Parma, 11 novembre 2024 – Quasi 8 persone su 10, nel Comune di Fidenza, si dichiarano soddisfatte del servizio di gestione dei rifiuti, stando ai dati raccolti nel corso del 2023 da Atersir (Agenzia territoriale per i servizi idrici e rifiuti) insieme alle associazioni dei consumatori. Nel 2022, infatti, Atersir (Agenzia territoriale per i servizi idrici e rifiuti) e le associazioni parte del Crcu (Comitato regionale consumatori utenti) hanno deciso di dar corso a quanto stabilito dall’articolo 2 comma 461 della legge finanziaria per il 2008, che prevede che sia periodicamente verificata, con la partecipazione delle associazioni, l’adeguatezza dei parametri quantitativi e qualitativi dei servizi pubblici locali. Da qui è nata una proposta organica, forse unica tra le regioni, che supera il monitoraggio attualmente svolto direttamente dagli enti gestori, affiancando l’intervento di tre associazioni di consumatori – Cittadinanzattiva, Confconsumatori e Federconsumatori. Proprio questo progetto ha consentito ad Atersir di ottenere, alcuni giorni fa, il Premio Cnel “Impatto PA”.

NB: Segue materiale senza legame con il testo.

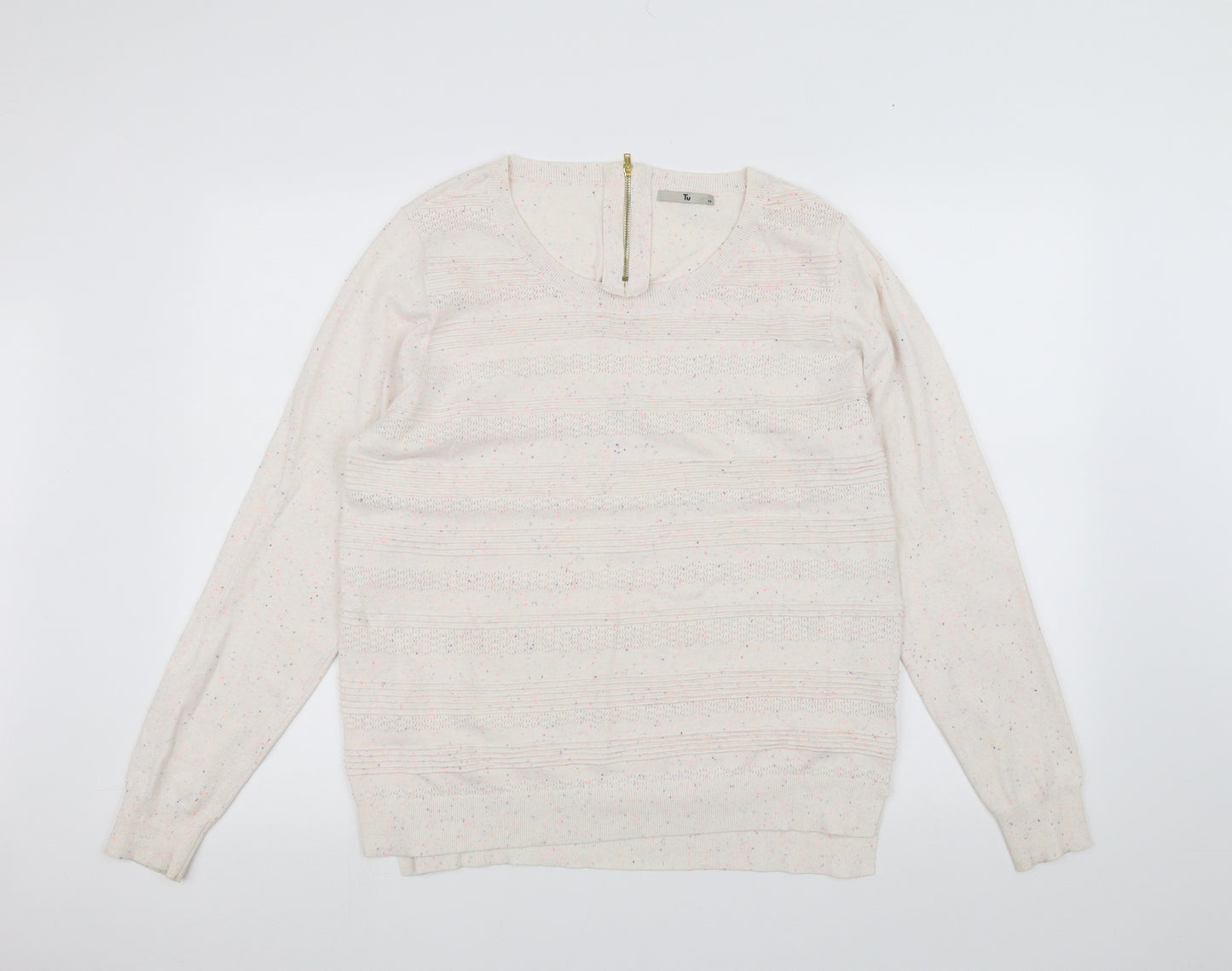 TU Womens White   Pullover Jumper Size 16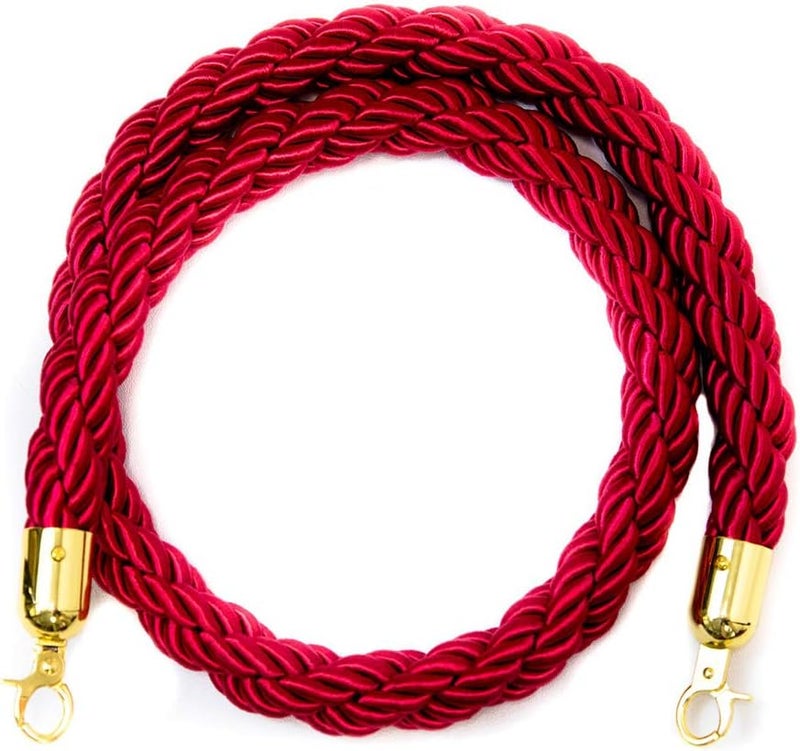klarakoBarrier Rope Crowd Control Stanchion Queue Rope with Hooks, 5ft/7ft/10ft, 6 Colors Available klarakoRed, 3m - Image 3
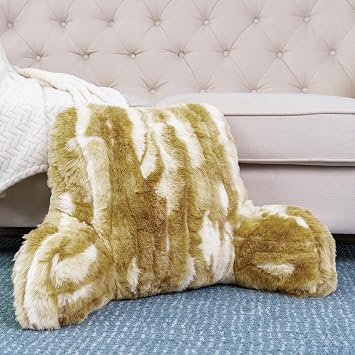 Home Soft Things Jaquard Faux Fur Bedrest Reading Pillow with Handle, Lounger Backrest Pillow for Sitting in Bed, 20" x 18" x 17", Amber Gold
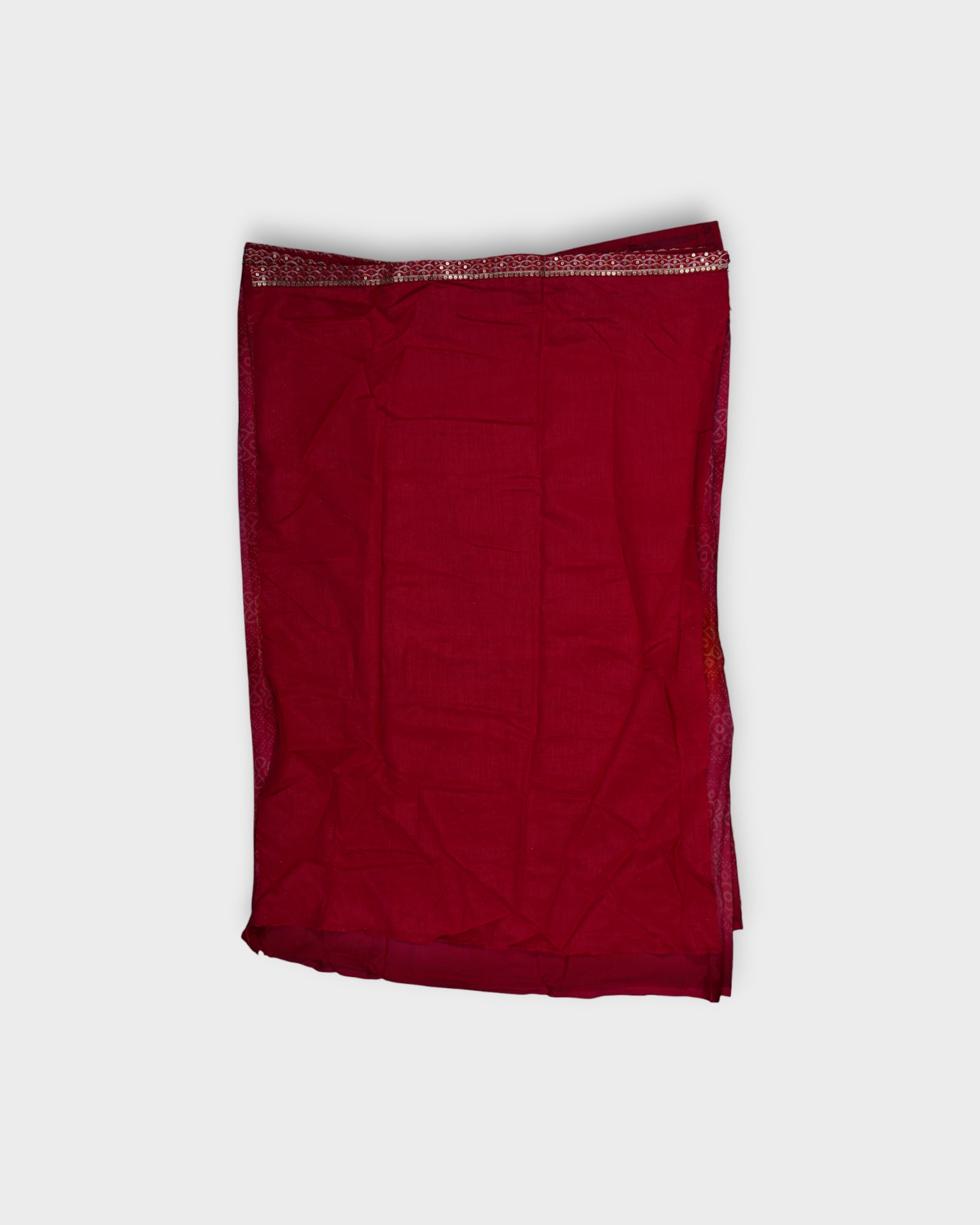 Red Bandhani Cotton Saree With Silk Blouse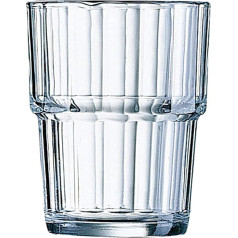 Arcoroc ARC 60026 Norvege Drinking Glass, Water Glass, Juice Glass, 160 ml, Glass, Transparent, Pack of 6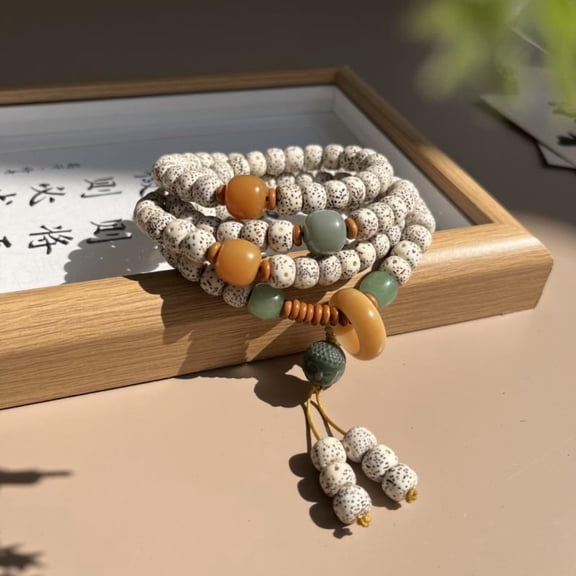 Hainan Bodhi 108 Beads Tibetan Dzi Mala Necklace Bracelet Set Ethnic Buddhist Prayer Beads Spiritual Jewelry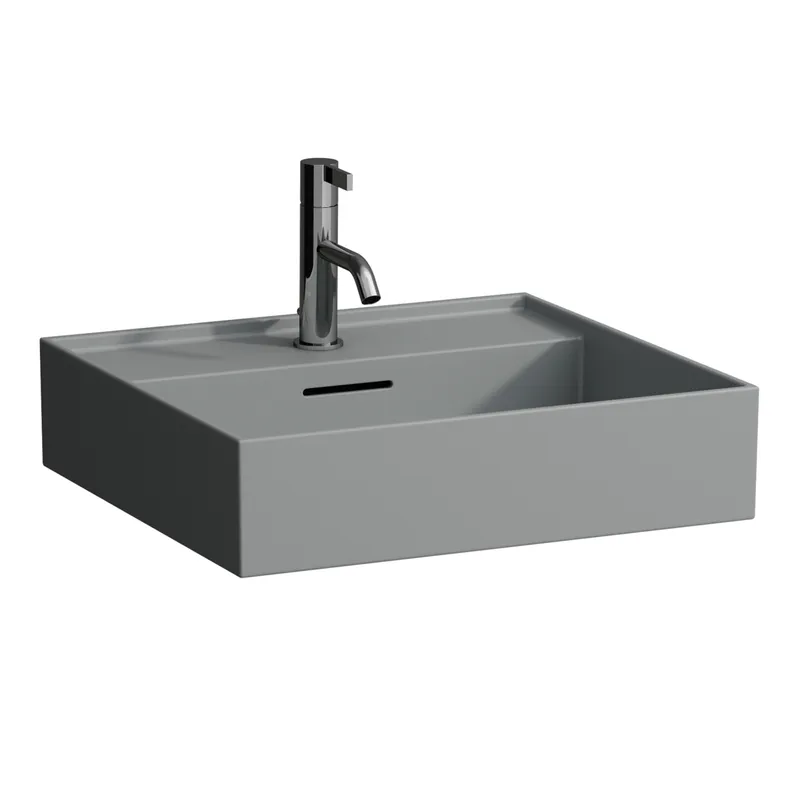 Aufsatz-Waschtisch K-LAUFEN 460x500x145 1 Hahnloch mit Überlauf grau matt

OLTRE 400 UTENZE COINVOLTE

I lavori hanno avuto il via con un confronto che ha portato al coinvolgimento degli utenti e degli stakeholder nella stesura del questionario per la rilevazione della customer satisfaction. Nel corso del 2023, in via sperimentale, sono stati individuati tre bacini di utenze nell’ambito della gestione del servizio integrato dei rifiuti urbani, tra cui quello di Fidenza. Hanno composto il campione 340 utenze domestiche e 100 utenze non domestiche; i cittadini coinvolti sono stati divisi per fascia di età (25-40 anni e 40-70 anni).

QUALITÀ DEL SERVIZIO

L’indagine è stata condotta per via telefonica, attraverso la consultazione di elenchi pubblici, in modo da ottenere un campione randomizzato sul territorio comunale. Il questionario ha avuto in particolare come oggetto la conoscenza del gestore e la soddisfazione dei servizi forniti quali:

  • raccolta rifiuti porta a porta;
  • ritiro ingombranti;
  • centri raccolta;
  • pulizia strade;
  • canali di contatto;
  • tariffazione (per valutare il livello conoscenza sul tema).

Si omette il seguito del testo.